The parties are seeking to avoid the so-called "fiscal cliff," a series of tax hikes and budget cuts that kick in automatically if the White House and Congress are unable to reach a budget agreement.
Both Republicans and Democrats say falling off the fiscal cliff would plunge the nation back into recession.
"America is poised to take off," Obama told Bloomberg. "The question is, let's make sure that we don't have a self-inflicted wound."
The governors who met with Obama, representing the National Governors Association, said they didn't want to endorse one plan or the other. "We agree that something should be done," said Gov. Jack Markell, D-Del., chairman of the NGA, after the meeting.
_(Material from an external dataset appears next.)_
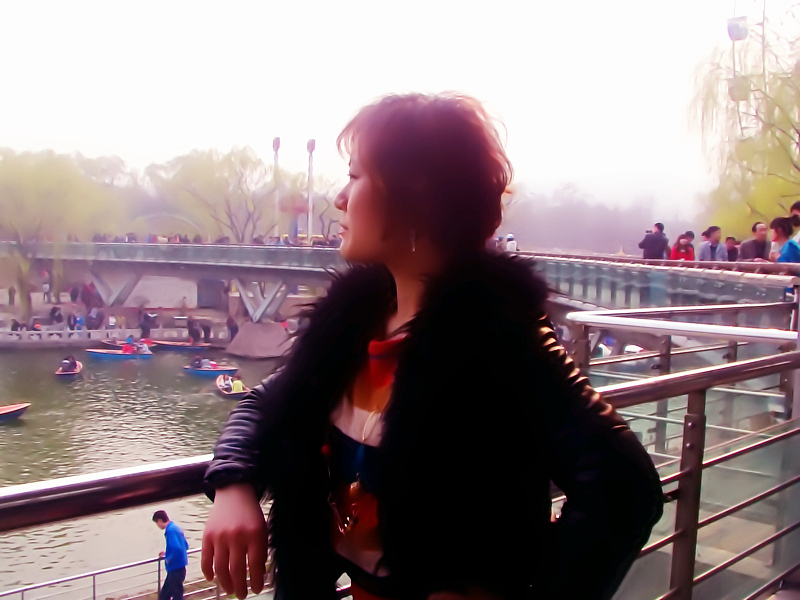 2013年3月16号植物园游记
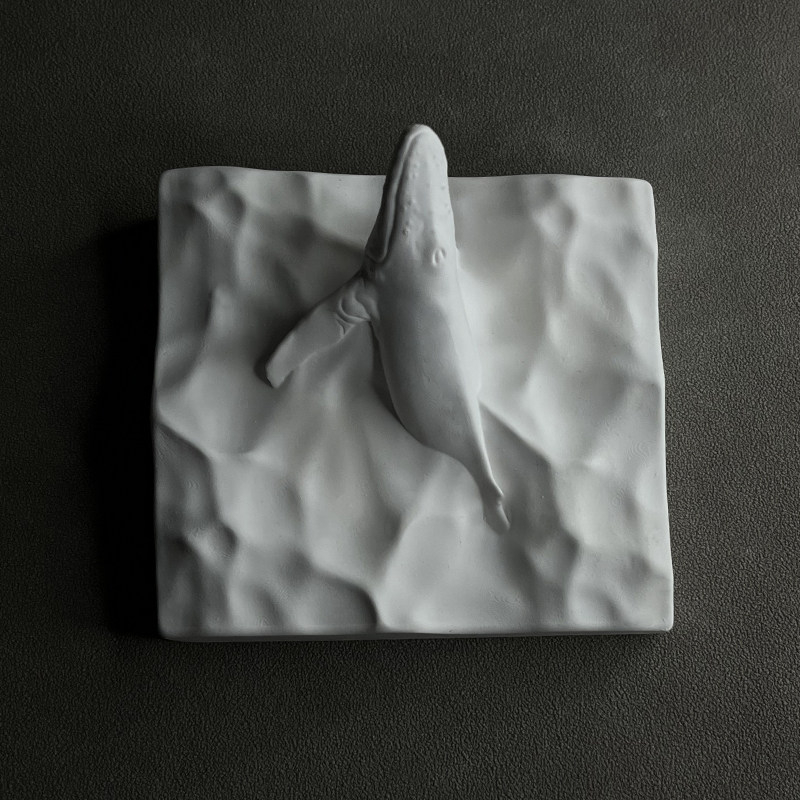 Statua di Balena Piegata in Ge - Resin Art Ocean recensione e prezzo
Like his statehouse colleagues, Markell expressed concern about the economic uncertainty surrounding the possibility of the fiscal cliff.
The president's guests included Republican Gov. Scott Walker of Wisconsin, whose battles with public employee unions made headlines throughout the recent election season.
Walker -- who also reported that "our focus was not on endorsing a specific plan" -- said the group wanted to make sure that the nation's governors got "a seat at the table" as the White House and Congress worked through budget issues.
White House officials said higher taxes on the rich are part of a "balanced" plan that also includes budget cuts as a way to reduce the national debt that now tops $16 trillion.
During the Bloomberg interview, Obama said Boehner's plan to rely on closing loopholes would raise no more than $300 billion or $400 billion, much less than the $800 billion projected by the GOP. In order for the government to raise sufficient revenues through the closing of loopholes, Obama said officials would have to consider the elimination of popular tax breaks, such as the one on charitable contributions.
Even some Republicans are criticizing the Boehner plan, saying they oppose any type of tax hikes. "Speaker Boehner's $800 billion tax hike will destroy American jobs and allow politicians in Washington to spend even more," said Sen. Jim DeMint, R-S.C.
The other governors who met with Obama were Gov. Mary Fallin, R-Okla, the vice chair of the NGA; Gov. Mike Beebe, D-Ark.; Gov. Mark Dayton, D-Minn.; and Gov. Gary Herbert, R-Utah.
The group has also scheduled separate meetings with Boehner and Senate Majority Leader Harry Reid, D-Nev.
Treasury Secretary Timothy Geithner -- Obama's key negotiator on Capitol Hill -- briefed the governors about the administration's plan.
Obama and aides said little about legislative strategy on a final deal, the governors reported. The president "did not handicap it one way or another," said Markell.
The governors' meeting is Obama's latest effort to build support for his negotiating position on the fiscal cliff. Since Thanksgiving, the president has met with with labor leaders and business CEOs as well as congressional leaders.